Segment Start: DATASET CONTENT

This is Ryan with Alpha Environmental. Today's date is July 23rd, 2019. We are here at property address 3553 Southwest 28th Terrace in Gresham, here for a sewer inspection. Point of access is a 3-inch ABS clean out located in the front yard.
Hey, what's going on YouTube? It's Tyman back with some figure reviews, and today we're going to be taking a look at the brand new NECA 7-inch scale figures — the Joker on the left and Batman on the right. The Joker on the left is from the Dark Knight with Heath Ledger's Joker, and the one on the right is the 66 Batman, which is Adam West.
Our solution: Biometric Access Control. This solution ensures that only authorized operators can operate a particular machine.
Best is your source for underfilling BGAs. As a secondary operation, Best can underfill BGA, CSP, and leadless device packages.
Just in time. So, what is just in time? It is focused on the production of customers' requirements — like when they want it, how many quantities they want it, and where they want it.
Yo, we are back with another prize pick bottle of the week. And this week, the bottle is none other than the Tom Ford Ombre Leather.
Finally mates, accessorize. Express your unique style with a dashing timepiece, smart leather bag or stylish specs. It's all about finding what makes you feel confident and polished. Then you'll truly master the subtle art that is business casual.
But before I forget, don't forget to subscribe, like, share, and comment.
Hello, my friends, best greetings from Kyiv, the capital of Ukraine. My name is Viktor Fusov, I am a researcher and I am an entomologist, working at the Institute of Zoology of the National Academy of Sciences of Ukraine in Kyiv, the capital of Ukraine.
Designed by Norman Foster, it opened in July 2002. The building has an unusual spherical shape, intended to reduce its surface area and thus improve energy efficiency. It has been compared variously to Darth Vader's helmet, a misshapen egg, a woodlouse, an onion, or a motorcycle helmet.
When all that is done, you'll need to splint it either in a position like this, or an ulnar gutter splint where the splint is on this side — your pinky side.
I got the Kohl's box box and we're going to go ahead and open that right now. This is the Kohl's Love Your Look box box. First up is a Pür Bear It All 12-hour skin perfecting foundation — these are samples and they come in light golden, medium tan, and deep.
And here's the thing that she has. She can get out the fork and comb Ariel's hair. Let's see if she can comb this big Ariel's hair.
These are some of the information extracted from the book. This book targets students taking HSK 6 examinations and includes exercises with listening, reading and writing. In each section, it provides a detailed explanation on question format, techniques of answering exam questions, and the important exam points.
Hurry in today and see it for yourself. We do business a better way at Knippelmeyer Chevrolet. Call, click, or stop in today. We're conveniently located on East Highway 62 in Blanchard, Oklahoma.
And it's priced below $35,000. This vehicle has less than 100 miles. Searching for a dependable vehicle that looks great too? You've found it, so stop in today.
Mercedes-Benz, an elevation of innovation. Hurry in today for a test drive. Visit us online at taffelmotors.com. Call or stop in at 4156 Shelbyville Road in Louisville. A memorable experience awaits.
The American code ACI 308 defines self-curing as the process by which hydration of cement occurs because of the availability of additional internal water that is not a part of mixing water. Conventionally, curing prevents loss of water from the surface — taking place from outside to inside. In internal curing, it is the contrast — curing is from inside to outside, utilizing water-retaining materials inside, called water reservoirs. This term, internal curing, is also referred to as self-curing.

Segment End: DATASET CONTENT

- **WHAT IS REQUIRED**:
Looking at the data, how many lines hold the string "going"? Reply with the number alone.

- **TASK RESULT**:
2